Dataset extract:
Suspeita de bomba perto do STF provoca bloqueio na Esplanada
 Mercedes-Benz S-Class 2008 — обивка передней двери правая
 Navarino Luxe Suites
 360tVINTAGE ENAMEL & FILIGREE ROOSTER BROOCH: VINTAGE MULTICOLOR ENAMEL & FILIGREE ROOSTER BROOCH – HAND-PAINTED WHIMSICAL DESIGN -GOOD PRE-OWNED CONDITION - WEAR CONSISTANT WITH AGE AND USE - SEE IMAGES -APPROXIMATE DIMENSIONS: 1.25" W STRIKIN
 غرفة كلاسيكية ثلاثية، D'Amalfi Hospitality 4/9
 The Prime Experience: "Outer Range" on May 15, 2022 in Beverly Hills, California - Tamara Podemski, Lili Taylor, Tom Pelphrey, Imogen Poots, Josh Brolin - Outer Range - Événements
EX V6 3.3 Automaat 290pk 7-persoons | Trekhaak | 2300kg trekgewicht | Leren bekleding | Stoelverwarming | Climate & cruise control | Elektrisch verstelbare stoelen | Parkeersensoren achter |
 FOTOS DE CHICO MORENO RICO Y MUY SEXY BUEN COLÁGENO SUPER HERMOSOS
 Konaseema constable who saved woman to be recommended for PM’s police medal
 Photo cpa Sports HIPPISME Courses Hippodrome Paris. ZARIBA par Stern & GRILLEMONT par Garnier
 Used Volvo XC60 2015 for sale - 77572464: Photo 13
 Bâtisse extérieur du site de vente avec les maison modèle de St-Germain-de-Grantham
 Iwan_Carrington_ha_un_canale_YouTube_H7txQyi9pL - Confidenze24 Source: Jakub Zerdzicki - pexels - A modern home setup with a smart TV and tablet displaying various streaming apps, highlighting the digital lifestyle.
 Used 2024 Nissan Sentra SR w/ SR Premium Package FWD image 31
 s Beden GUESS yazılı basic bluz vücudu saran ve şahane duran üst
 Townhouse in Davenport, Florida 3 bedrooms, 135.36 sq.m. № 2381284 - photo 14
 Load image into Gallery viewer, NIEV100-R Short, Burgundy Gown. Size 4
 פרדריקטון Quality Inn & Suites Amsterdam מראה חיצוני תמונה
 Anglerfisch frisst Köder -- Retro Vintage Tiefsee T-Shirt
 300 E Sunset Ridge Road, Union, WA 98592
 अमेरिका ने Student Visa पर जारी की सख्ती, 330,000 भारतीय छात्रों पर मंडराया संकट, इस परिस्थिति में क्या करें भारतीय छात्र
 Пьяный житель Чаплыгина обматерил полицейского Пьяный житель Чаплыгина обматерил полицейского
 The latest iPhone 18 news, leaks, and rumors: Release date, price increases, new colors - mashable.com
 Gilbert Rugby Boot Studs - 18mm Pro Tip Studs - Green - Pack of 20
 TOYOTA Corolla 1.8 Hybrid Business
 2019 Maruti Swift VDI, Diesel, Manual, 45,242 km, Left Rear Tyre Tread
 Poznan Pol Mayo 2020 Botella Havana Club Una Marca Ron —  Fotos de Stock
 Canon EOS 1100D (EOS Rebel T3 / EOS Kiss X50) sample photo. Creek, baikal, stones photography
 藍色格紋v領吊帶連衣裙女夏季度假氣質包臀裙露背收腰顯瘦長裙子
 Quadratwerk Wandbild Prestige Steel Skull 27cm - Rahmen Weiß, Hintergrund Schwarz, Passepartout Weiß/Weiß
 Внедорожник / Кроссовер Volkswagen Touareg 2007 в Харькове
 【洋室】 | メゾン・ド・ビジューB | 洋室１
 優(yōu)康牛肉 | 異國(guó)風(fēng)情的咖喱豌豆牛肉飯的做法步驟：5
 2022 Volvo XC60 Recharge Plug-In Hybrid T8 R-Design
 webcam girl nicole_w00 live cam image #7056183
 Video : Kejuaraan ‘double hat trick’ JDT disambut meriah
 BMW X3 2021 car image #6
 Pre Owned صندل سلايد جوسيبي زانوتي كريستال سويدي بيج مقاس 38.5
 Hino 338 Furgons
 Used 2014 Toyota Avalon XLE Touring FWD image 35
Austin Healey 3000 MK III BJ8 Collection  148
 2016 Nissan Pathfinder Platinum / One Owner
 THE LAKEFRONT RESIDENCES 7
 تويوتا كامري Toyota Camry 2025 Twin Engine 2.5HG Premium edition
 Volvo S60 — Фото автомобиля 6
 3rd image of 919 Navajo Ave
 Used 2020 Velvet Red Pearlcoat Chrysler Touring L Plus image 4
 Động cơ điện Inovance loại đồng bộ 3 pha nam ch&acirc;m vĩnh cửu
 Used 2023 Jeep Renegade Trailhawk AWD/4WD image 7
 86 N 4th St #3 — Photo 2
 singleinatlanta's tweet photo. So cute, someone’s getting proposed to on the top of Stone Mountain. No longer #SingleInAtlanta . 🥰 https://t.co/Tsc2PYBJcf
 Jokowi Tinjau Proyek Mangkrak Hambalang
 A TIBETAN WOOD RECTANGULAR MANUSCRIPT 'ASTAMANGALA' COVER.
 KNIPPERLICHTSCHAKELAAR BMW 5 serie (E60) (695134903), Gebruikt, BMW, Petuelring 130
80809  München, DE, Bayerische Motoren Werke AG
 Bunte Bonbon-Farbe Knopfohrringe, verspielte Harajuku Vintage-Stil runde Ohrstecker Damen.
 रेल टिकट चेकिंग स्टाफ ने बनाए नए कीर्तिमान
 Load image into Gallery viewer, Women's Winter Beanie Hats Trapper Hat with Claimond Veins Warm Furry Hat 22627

Task statement: Within the listing above, extract exactly the lines from the line with "Canon EOS 1100D" to the line with "2022 Volvo XC60", the two named lines included, and no others.

Finished task:
 Canon EOS 1100D (EOS Rebel T3 / EOS Kiss X50) sample photo. Creek, baikal, stones photography
 藍色格紋v領吊帶連衣裙女夏季度假氣質包臀裙露背收腰顯瘦長裙子
 Quadratwerk Wandbild Prestige Steel Skull 27cm - Rahmen Weiß, Hintergrund Schwarz, Passepartout Weiß/Weiß
 Внедорожник / Кроссовер Volkswagen Touareg 2007 в Харькове
 【洋室】 | メゾン・ド・ビジューB | 洋室１
 優(yōu)康牛肉 | 異國(guó)風(fēng)情的咖喱豌豆牛肉飯的做法步驟：5
 2022 Volvo XC60 Recharge Plug-In Hybrid T8 R-Design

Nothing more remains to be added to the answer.